The Nissan Pathfinder is far more composed on the asphalt.
If you’re hoping the current Nissan Pathfinder is as capable off-road as its forbears were, then you’ll be sorely disappointed. Though the SUV can survive light trails and muddy backroads with relative ease if you specify the optional all-wheel drive system, anything more arduous and demanding than that will be pushing the Nissan Pathfinder’s limits – so, if off-road capabilities are a concern for you, something like a Jeep Grand Cherokee or a Toyota 4Runner will be more suitable for your requirements. However, the trade-off for this is that the Nissan Pathfinder is far more composed on the asphalt where a majority of mid-sized SUV buyers will likely never venture from. Refinement levels, for instance, are particularly impressive this time around, with well suppressed tire roar and wind noise by class standards. There’s also surprisingly little body lean when cornering, which – in conjunction with the suitable levels of grip and the responsive-if-numb steering – means you can confidently keep the Nissan Pathfinder in its lane whilst going around a bend at speed.
The Nissan Pathfinder provides a good view of the road ahead as a result of its raised driving position.
We’re also very satisfied with the overall visibility. Though the presence of chunky pillars do result in some notable blind spots, the blocked view’s about on par with class standards, and the large windshield and windows do go some way to alleviating that problem. Plus, being an SUV, the Nissan Pathfinder provides a good view of the road ahead as a result of its raised driving position. A shame, then, that the ride quality isn’t quite up there with the best in class.
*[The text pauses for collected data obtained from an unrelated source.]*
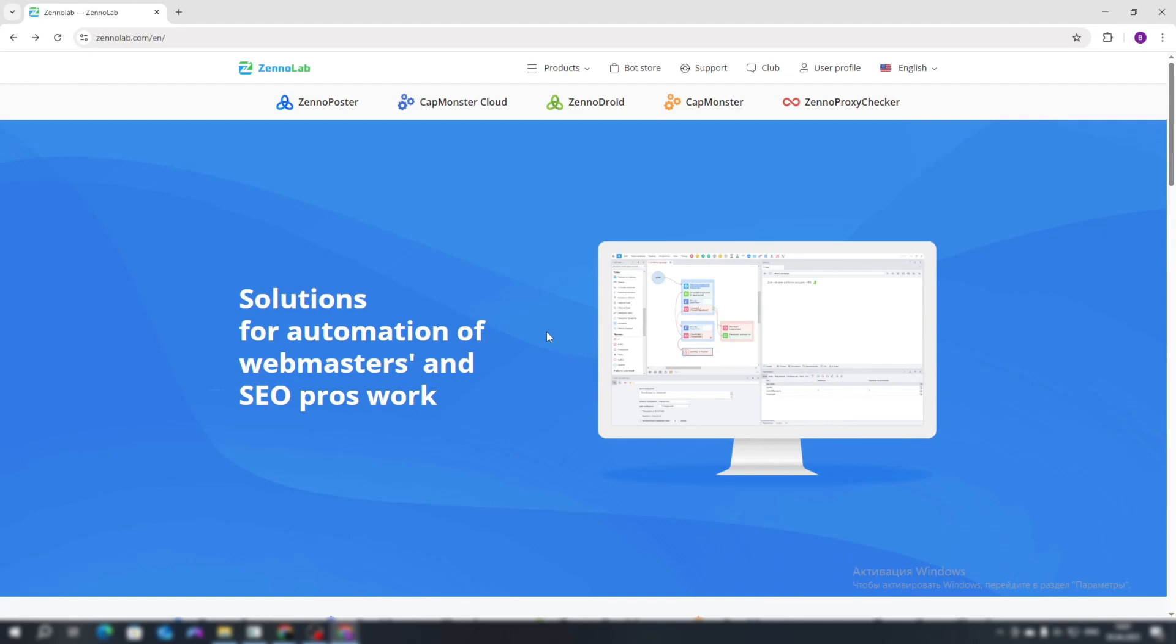Welcome to the training course on the ZonaPoster program. In this lesson, we will learn how to install the ZonaPoster program and go through the initial setup.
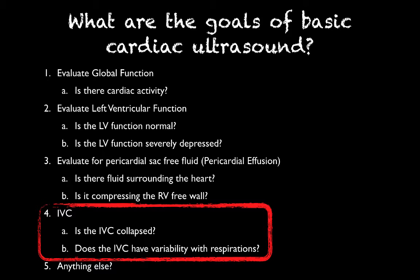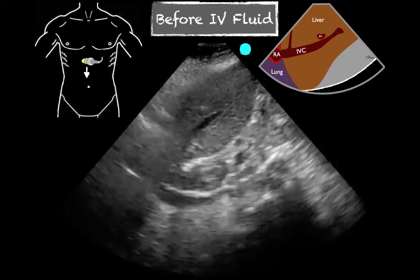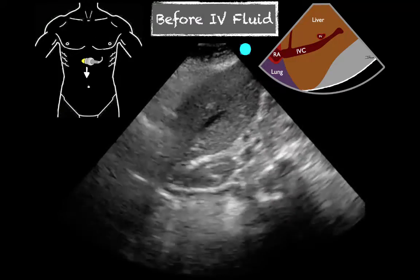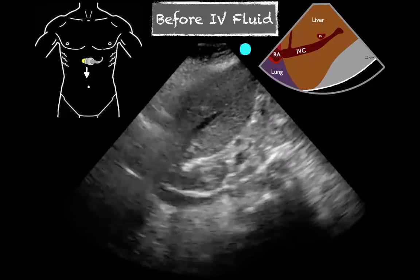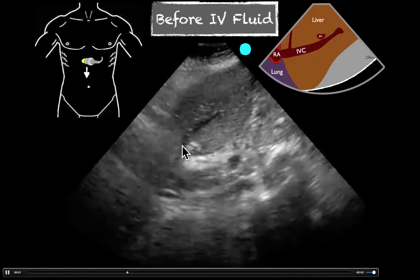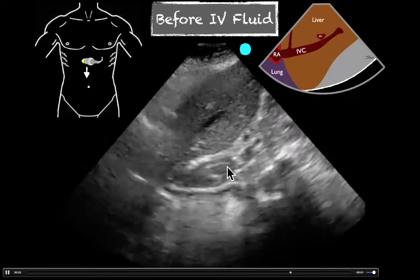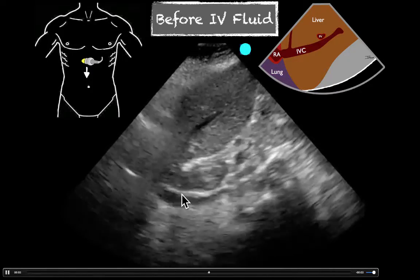In this example, the patient had a cardiac ultrasound first, which showed good function, and then some supplemental IVC views were obtained after some fluids. So we can see here: here's our liver, here's our hepatic vein coming down, here's our portal vein, and this little bugger right here is our IVC.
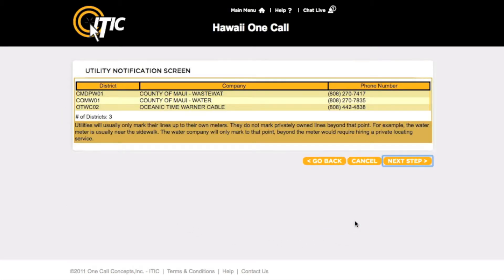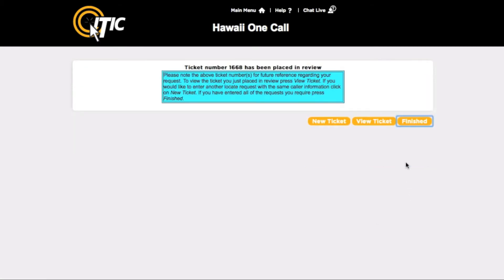This will take you to the utility notification list. This is a complete list of the utilities that will be notified as a result of your ticket. This list is determined solely by where you mapped your excavation area. If there is a utility that you know to be missing from this list, it may be wise to return to the Map It section and remap the area. At this point, clicking Next Step will release your ticket to the call center for review.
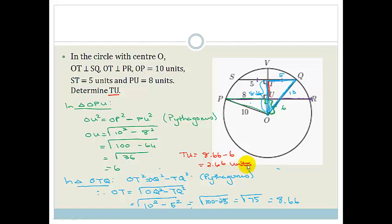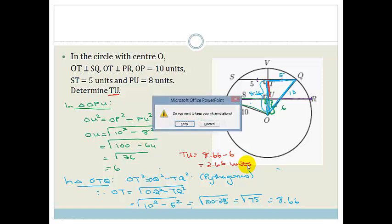And that, Grade 11, is how you use these theorems. Please go practice, practice, practice and then do the assessment at the end of the section. Have a lovely day.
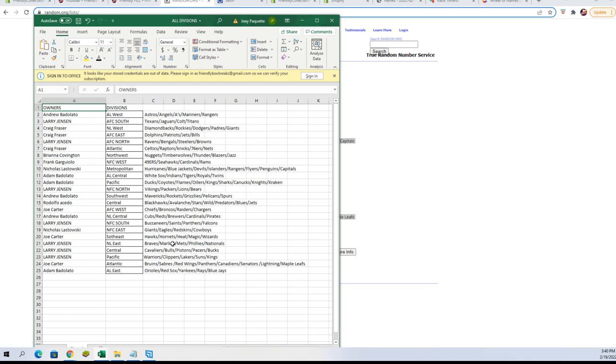NL East, Central, and Pacific. Joe C, you've got Atlantic. And Adam B, you've got AL East. I'm gonna switch over to our other screen and add that list to it.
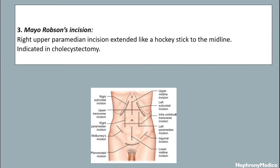Mayo-Robson incision is a right upper paramedian incision extended like a hockey stick to the midline. It is indicated in cholecystectomy.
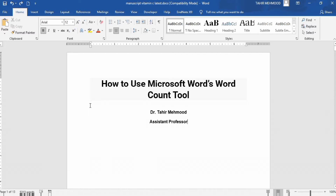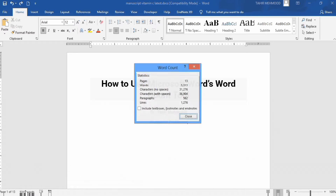At the bottom corner of your document, you will find the total word count. If you want additional information, click on it. You will find details such as total page number, words, characters with no spaces, characters with spaces, paragraphs, and lines. There is also an option to include or exclude footnotes and endnotes, which you can check or uncheck according to your convenience.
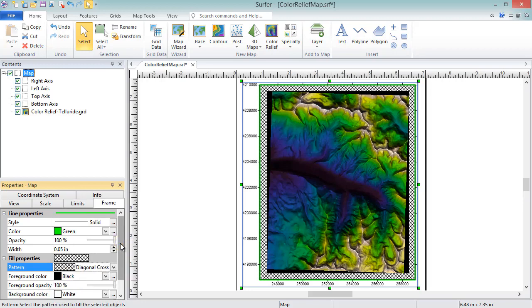We can see the green outline at the axes, and since we've increased the map limits, we can see the hatched fill behind the color relief layer. If we hadn't increased the limits, we wouldn't see the fill since it would be obscured by the map layer.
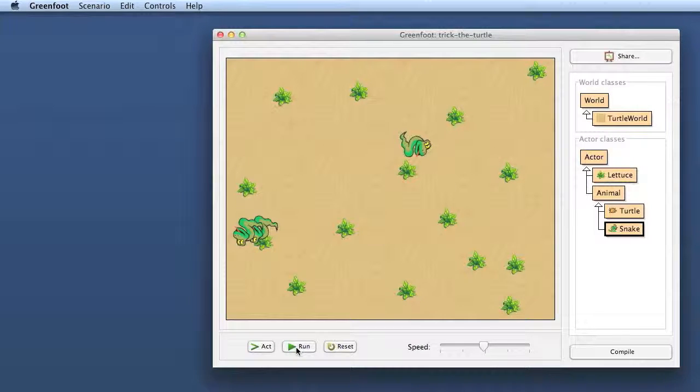Okay, that is excellent. That was quite easy to put in another creature that behaves in a similar way. And next time we will get around to controlling the turtle with our keyboard. But that is enough for the day. See you next time. Bye bye.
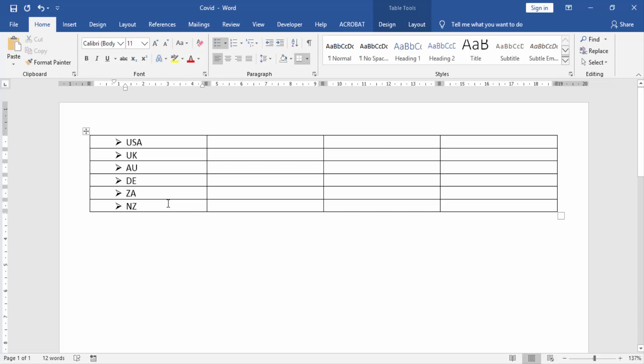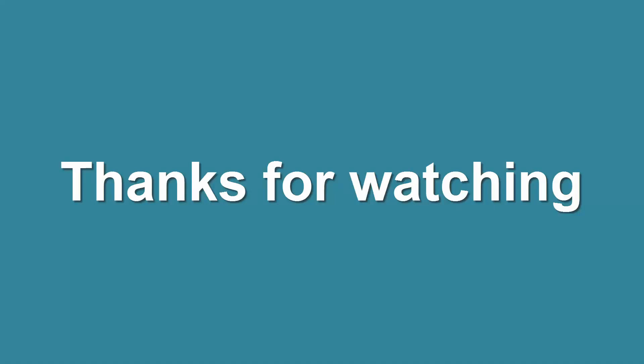Please like, comment, share and subscribe to my channel. Thanks for watching.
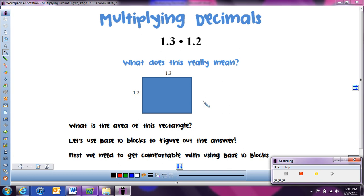This lesson is going to look at how to multiply decimals together. Before we actually do the multiplying, I want to look at what it actually means to multiply decimals together. In our adding and subtracting lessons, we didn't talk too much about what it means to add and subtract decimals, because it's a lot like working with money. But multiplying decimals doesn't work that same way — we can't think of the money idea with multiplying.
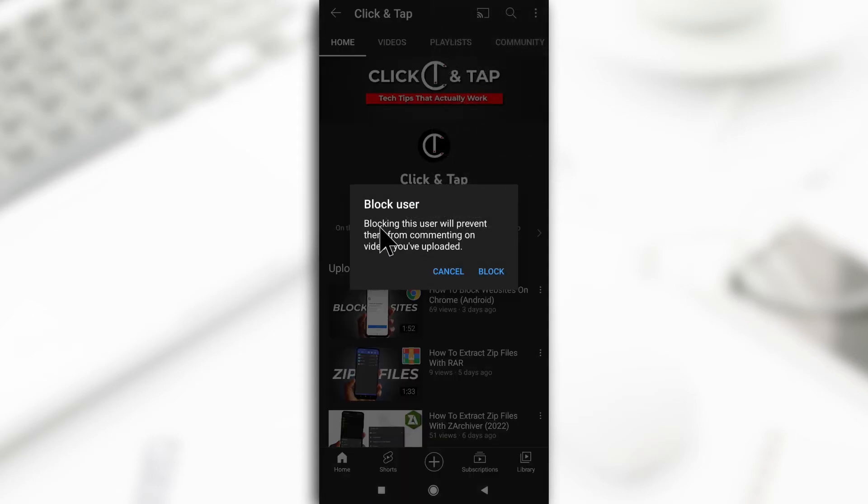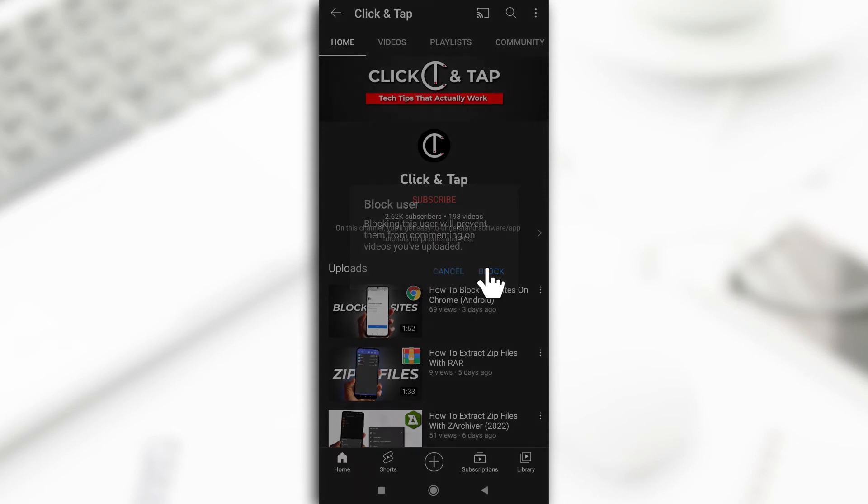As you can see, it says blocking them from commenting on videos you've uploaded. So they can never comment on your videos anymore but they can watch the videos. So I'm going to tap on block.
Though the Nissan Pathfinder isn’t an obtrusively uncomfortable car, there is a firm edge to the ride quality that’s not only a tad rigid by segment standards, but is also slightly at odds with the refinement levels.
This seven-seater mid-sized SUV is only available with one old school engine: a 3.5-liter six-cylinder gasoline setup.
The car industry in general may be adopting the trend of engine downsizing at a noticeable pace, but there are some vehicles on the market that haven’t quite got that memo yet – with the Nissan Pathfinder being one such car. Whereas comparable cars have experimented with smaller units and turbocharging, this seven-seater mid-sized SUV is only available with one old school engine: a 3.5-liter six-cylinder gasoline setup that’s devoid of the turbochargers that are slowly starting to pop up on larger SUVs and flatbed trucks. Even though this large vehicle has an equally big engine under the hood, the Nissan Pathfinder does return some pretty good economy figures. For sure, the 20mpg city/27mpg highway that front-wheel drive Nissan Pathfinders are claimed to be capable of (adding all-wheel drive drops the economy by one mpg both ways) aren’t amazing in a sector where the Mazda CX-9 can return 22mpg in the city and 28mpg on the highway, but the Nissan Pathfinder is on par frugality-wise with other six-cylinder gasoline-powered rivals. The 3.5-liter engine is also potent enough to haul the Nissan Pathfinder up to speed surprisingly briskly. Of course, it’s no SUV, but having 284-hp and 259 lb-ft to call upon does mean this seven-seater has a decent turn of pace at hand – which is pretty handy for, say, when you’re trying to pull off an overtaking move on the highway. Plus, the engine’s rather smooth and refined, and well suited to burbling along at a cruise.
Only one transmission is available on the Nissan Pathfinder.
If there is a complaint, though, it’s that the outputs are at the higher end of the rev range, so the Nissan Pathfinder’s pace isn’t quite as effortless as, say, a Kia Sorento with a turbocharged engine. Still, considering how much oomph there is to play with, this criticism of the Nissan Pathfinder is a small one. Only one transmission is available on the Nissan Pathfinder: a continuously variable transmission, or CVT, that you treat just like a regular automatic. Though CVTs used to have a reputation for being uncouth and noisy, the one used in the Nissan Pathfinder is a very impressive one, thanks to its smooth and refined operation.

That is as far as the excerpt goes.